Dans des messages obtenus par La Presse Canadienne, des élus caquistes ont invité des maires à des cocktails en laissant miroiter une rencontre avec des ministres en échange d’une contribution de 100$ à la caisse du parti. La commissaire à l’éthique enquête actuellement sur deux élus de la CAQ.
On a appris également que près de la moitié des maires ont contribué à la cagnotte de la CAQ depuis les élections municipales de 2021, pour presque 100 000$ au total. La loi électorale prévoit que chaque citoyen peut verser 100$ à une formation politique, mais il ne peut le faire pour obtenir une contrepartie.
«Ils (les caquistes) ne sont pas capables de respecter la loi», a lancé le chef intérimaire libéral, Marc Tanguay, à la période de questions.
Le premier ministre a dit qu’il ne pouvait accepter que son intégrité soit remise en question.
«Il y a une question de perception, il y a des doutes» sur le financement des partis, a-t-il déclaré pour justifier sa décision de renoncer aux dons des citoyens.
«Il peut y avoir des apparences qu’un parti politique qui reçoit des dons privés se sent obligé d’écouter davantage ces personnes.»
Le ministre responsable des Institutions démocratiques, Jean-François Roberge, entrera en contact avec les autres partis pour «trouver des solutions à ce problème qui est mauvais pour toute la classe politique», a expliqué M. Legault.
«On va renoncer à beaucoup d’argent, mais on va se débrouiller avec la partie du financement qui est publique» (qui vient de l’État), a-t-il poursuivi.
En renonçant au financement populaire, il met ainsi de la pression sur les autres formations qui comptent sur cette source de financement pour garnir leurs coffres, notamment son adversaire le Parti québécois (PQ), dont c’est l’une des forces.
«Le financement populaire est une composante importante de notre vie démocratique», a répondu le chef péquiste Paul St-Pierre-Plamondon sur le réseau X, anciennement Twitter.
«Les gens font des dons parce qu’ils veulent nous encourager, a expliqué le chef péquiste en mêlée de presse. Ce qu’on veut enrayer, ce sont des maires qui se sentent obligés de donner parce qu’ils se disent: peut-être que leur dossier n’avancera pas s’ils ne se pointent pas au cocktail de la CAQ.»
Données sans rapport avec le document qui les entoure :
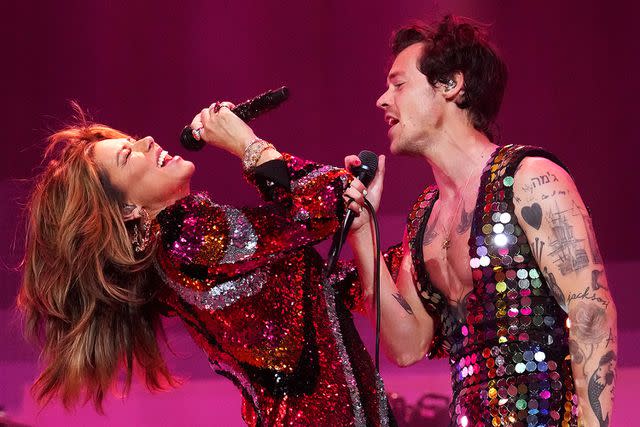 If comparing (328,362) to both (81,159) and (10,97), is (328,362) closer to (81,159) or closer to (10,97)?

Le financement des partis politiques au Québec provient essentiellement du financement populaire, c’est-à-dire des contributions individuelles, et surtout de l’allocation annuelle versée par l’État, l’équivalent de 1,82$ par électeur, en fonction du vote obtenu par chacun des partis autorisés aux élections générales. L’État verse aussi un revenu d’appariement pour chaque dollar amassé par les partis, jusqu’à concurrence de 250 000$.
Le Parti québécois a reçu plus de 1,5 million de dollars (M$) en contributions individuelles en 2022, année électorale où les citoyens sont autorisés à verser 100$ supplémentaires en plus du don maximal autorisé par année de 100$, mais 2,8M$ en financement public versé par l’État.
À titre de comparaison, la CAQ a encaissé 1,35M$ en contributions individuelles en 2022, mais elle a reçu près de 6,4M$ de l’État.
«Est-ce que les citoyens devraient avoir le droit, à l’intérieur d’un cadre rigoureux, de faire un petit don pour encourager le projet de société qui leur ressemble plus? Je pense que oui, c’est sain pour la démocratie», a demandé le chef parlementaire de Québec solidaire (QS), Gabriel Nadeau-Dubois.
«Clairement, François Legault, avec ce changement, il avoue que ses ministres n’ont pas respecté la loi, a renchéri le leader parlementaire libéral, Monsef Derraji. Ce n’est pas parce que ses ministres (de M. Legault) ne respectent pas la loi qu’on doit interdire le financement populaire.»